This weekend was kind of a test of my notion that if you buy good ingredients and are a bit careful, you can’t really go wrong. Well, nothing went terribly wrong, but for the most part it wasn’t great . . .
Friday night we went to David and Anthea’s house (friends of ours, and, it turns out, neighbor’s of Anne’s). They live in kind of a funky seventies brick ranch with a great older open plan kitchen. They made us a simple dinner of pesto and penne and salad and we drank a lot of wine and the two ten year old girls did a marathon Simpsons viewing and the eighteen month old boy ran around with the laundry basket on his head. The meal was great and reminded me how good food tastes when someone cooks for you with friendship.
Saturday was the usual weekend ritual of pancakes and fresh juice (Naomi would have my head if we diverged) and Kosmos for lunch (that doesn’t happen every weekend, but it does a lot). Then there was dinner. This was where things began to break down. The menu sounds good. A grilled whole striped bass, braised potatoes and onions (based on a recipe from Amanda Hessler’s The Cook and the Gardener) and Shana’s pea shoots lightly saute-ed with a little soy sauce, sesame oil and rice wine vinegar. But it was really kind of snowy to be grilling and the fish proved challenging and stuck a bit to the grill and ended up largely underdone and underdone fish makes me a bit green around the (no puns intended) gills because of a bad whole fish incident in China years ago. And I didn’t want to go the whole nine yards on the potato recipe and cut them into fans with just enough flesh intact to hold the potato together, so I just sliced it and popped it into the casserole. As a result, I cooked it too long (the 45 minutes the whole-ish potatoes would have taken were too many minutes for slices) and it was kind of mushy. I didn’t strip the pea leaves off the stems, so the leaves were a bit slimy and the stems a bit tough, and neither were satisfying. It wasn’t a terrible meal. It was just, well, mediocre. Reminded me I’m very human in the kitchen. The dark chocolate and the port salvaged from the G3 dinner party were good. So was two hours of the last season of the Sopranos that we are at last catching up with.
Sunday morning I ate toast. Good toast though, from that no-knead bread everyone is making.
Sunday lunch, we decided to use up left-overs. Into a frying pan went the potatoes from the night before, the Brussels spouts with bacon and shallots left over from the Valentine’s Day dinner, and some bits of bone-in grass-fed beef filet, also from the V-Day dinner. It was supposed to be sort of a high end continental hash. But it was all kind of mushy and overly cabbage-y. John said he liked it. I said it was food.
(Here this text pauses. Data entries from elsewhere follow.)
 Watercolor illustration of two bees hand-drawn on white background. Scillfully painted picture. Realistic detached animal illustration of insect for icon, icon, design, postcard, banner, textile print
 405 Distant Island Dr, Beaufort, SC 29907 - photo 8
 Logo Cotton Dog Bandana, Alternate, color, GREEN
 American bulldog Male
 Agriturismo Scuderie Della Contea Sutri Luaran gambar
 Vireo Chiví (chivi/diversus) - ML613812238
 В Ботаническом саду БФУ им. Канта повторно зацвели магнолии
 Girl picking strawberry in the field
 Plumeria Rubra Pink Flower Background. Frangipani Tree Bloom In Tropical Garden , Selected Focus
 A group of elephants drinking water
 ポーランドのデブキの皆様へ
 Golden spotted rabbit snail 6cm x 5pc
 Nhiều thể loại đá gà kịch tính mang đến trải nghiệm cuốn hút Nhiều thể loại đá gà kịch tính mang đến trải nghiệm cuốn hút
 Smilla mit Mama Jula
In search of redemption, we worked harder on dinner. John made a pizza that we topped with a “fire and smoke” combination that featured chipotle peppers diced in with tomato puree, some roasted poblanos and sweet red peppers, and a mix of white cheddar and smoked gouda cheese. I was a little skeptical of the mexi-pizza idea but it was actually really tasty. I made an orange cake that I had seen at Chocolate and Zucchini and then again on Kitchen Chick. It turned out really well – simple, not too sweet, sort of lacy, and with a sugary, almost caramel-like rim (from buttering and sugaring the pan). We sprinkled it with raspberries. I felt better about our culinary life after that. Except that Nick swooped in and stole all the leftover raspberries.
I am totally stoked to hear about Matsuchan and want to make the family go there next weekend.